- _TO DO_
The answer should match the entries that follow exactly, except that no image appears in it.

- _RECORDS TO USE_
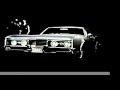 1967 (5 of 14) Oldsmobile Sales Film: Delta 88-2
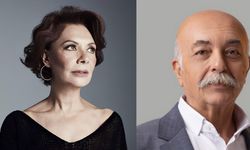 Altın Portakal’ın Onur Ödülleri belli oldu!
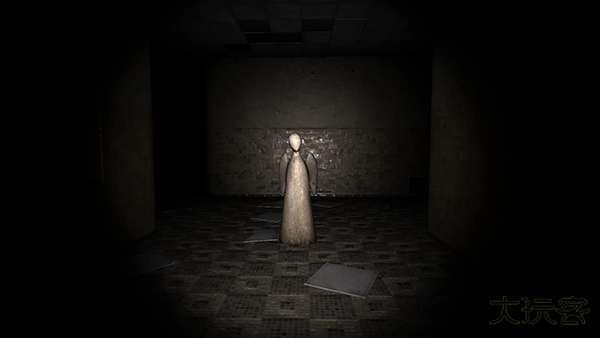 鬼魂2026最新版下载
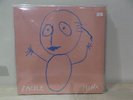 MINA Facile  LP S/S ITA  ED.LIMITATA NUMERATA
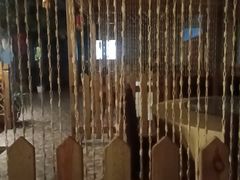 -老阿妈蒙古村·蒙古包·草原文化·歌舞表演(老君堂店)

- _EXERCISE RESPONSE_
 1967 (5 of 14) Oldsmobile Sales Film: Delta 88-2
 Altın Portakal’ın Onur Ödülleri belli oldu!
 鬼魂2026最新版下载
 MINA Facile  LP S/S ITA  ED.LIMITATA NUMERATA
 -老阿妈蒙古村·蒙古包·草原文化·歌舞表演(老君堂店)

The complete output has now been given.